Trezor Bridge® is the official communication intermediary that allows your computer or browser to safely interact with your Trezor hardware wallet. This trusted software enables seamless, encrypted exchanges between your host device and your hardware wallet, bridging the gap between web applications, local client software, and your secure device. It is developed to ensure that none of your private keys ever leave your Trezor device, safeguarding your digital assets from exposure.
With Trezor Bridge, users can transact, manage accounts, sign messages, and verify addresses inside their web interface or native wallet apps. The Bridge runs locally on your machine, eliminating reliance on third‑party servers for communication, thereby enhancing privacy and reducing attack surfaces.
The architecture of Trezor Bridge is built around a local HTTP interface, enabling the host to send commands to the Trezor device over USB or WebUSB. When a wallet app requests to connect, it communicates via this local bridge to forward commands (e.g. “get address,” “sign transaction”) to the hardware device.
The core module listens on a dedicated local port (often 21325) and accepts JSON‑RPC style requests. It validates the incoming request origin, checks permissions, and forwards allowed commands to the Trezor device using a secure hardware link.
On the browser side, WebUSB or WebHID interfaces may be used, depending on browser support. This layer wraps device-level calls into asynchronous promises, handling errors, user prompts (e.g. “allow device access”), and fallback logic.
Some desktop applications bypass the web interface and access the Bridge directly. They invoke the same local HTTP interface but embed it within their own GUI framework for a streamlined user experience.
Trezor Bridge is designed so that all cryptographic key generation, signing, and private data remains strictly inside the hardware wallet. Bridge only handles transport of encrypted commands and responses. If an attacker tried to intercept this layer, they would see only ciphertext, not raw keys or sensitive material.
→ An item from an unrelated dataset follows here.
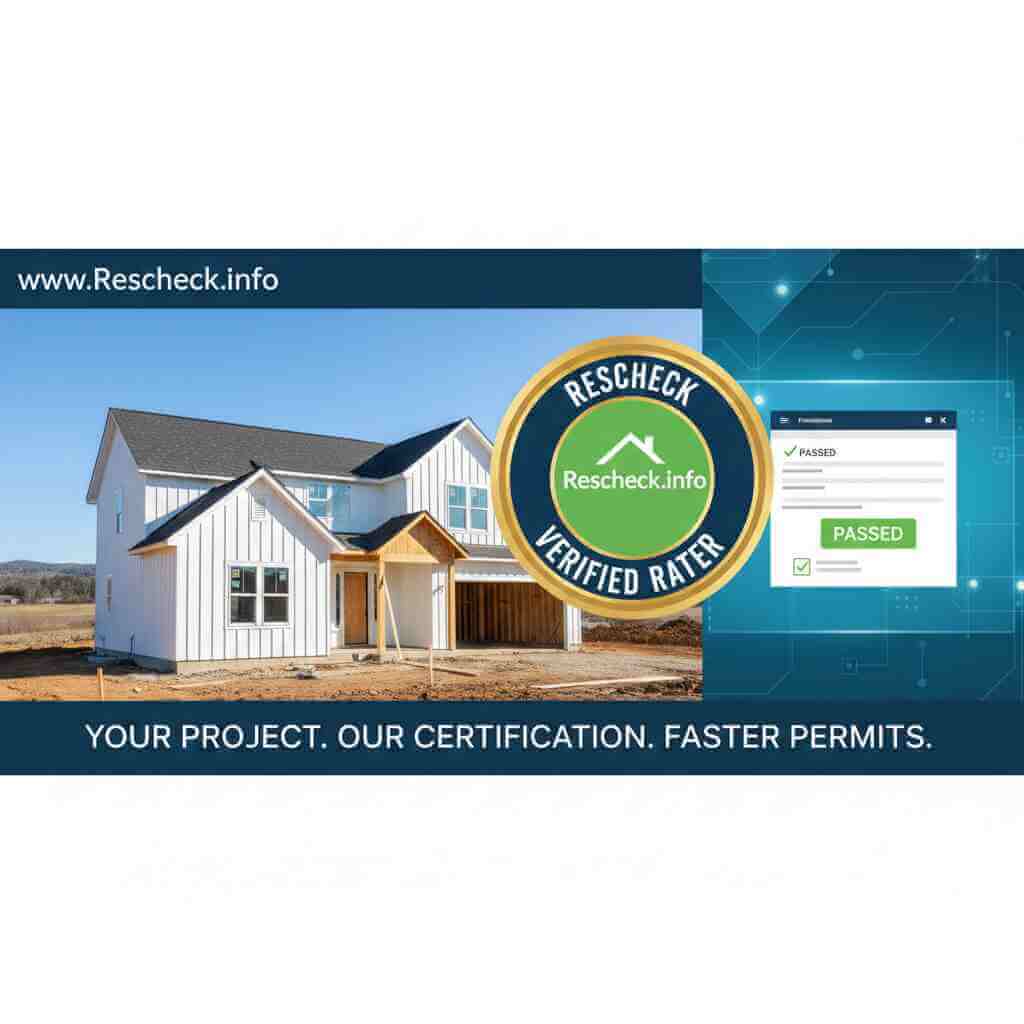 Rescheck Rater Verification Site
Before any connection is allowed, Bridge prompts the user to approve access. You can configure persistent permissions or revoke individual WebUSB origins. This control ensures that unauthorized websites cannot silently access your device.
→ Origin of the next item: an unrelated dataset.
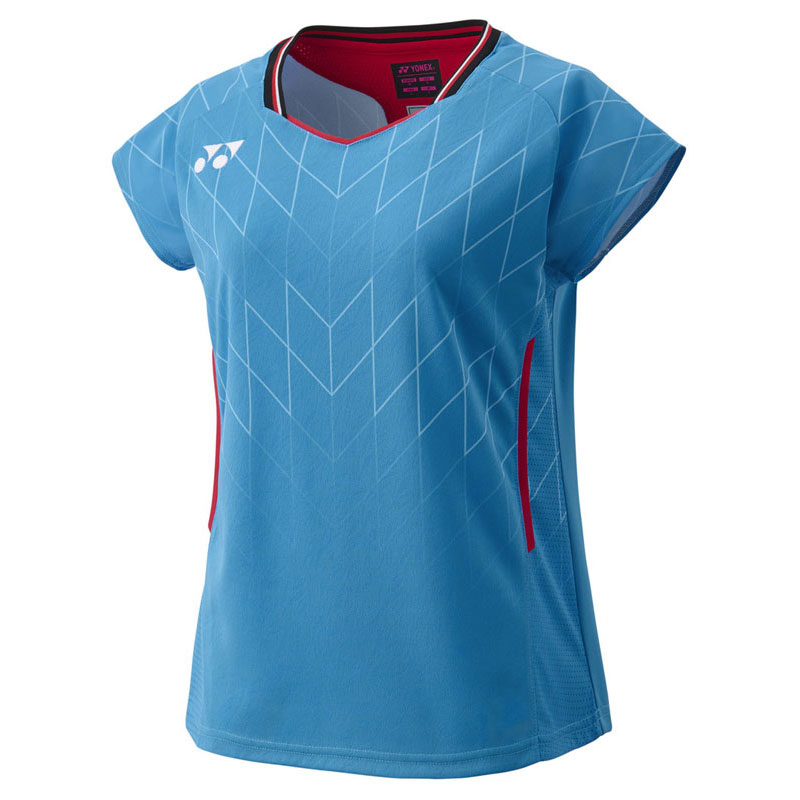 ウィメンズゲームシャツ(フィットシャツ) テニス・バドミントン ウェア(ウィメンズ) (20915)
Trezor Bridge is digitally signed and validated during installation and updates. It auto‑updates to patch bugs, vulnerabilities, and compatibility issues. The update process verifies signatures before applying new binaries, protecting from malicious tampering.
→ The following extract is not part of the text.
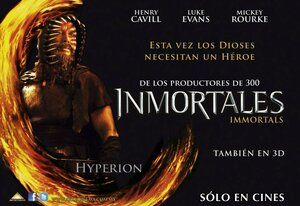 Постер: (Война Богов: Бессмертные, 2011 - вся информация о фильме на FilmNavi.ru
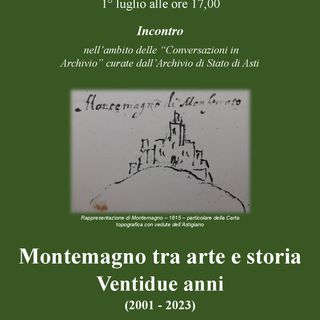 La locandina dell'incontro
Because Bridge operates locally (not over the internet), it mitigates many network-based attacks such as man‑in‑the‑middle or remote proxies. Combined with the hardware wallet’s secure enclave and user confirmations on the device, the system greatly reduces phishing or remote intrusion risks.
Trezor Bridge supports Windows, macOS, and Linux. Each platform has a native installer or package (e.g. .exe, .dmg, .AppImage). After installation, Bridge runs in the background and begins listening for wallet connections.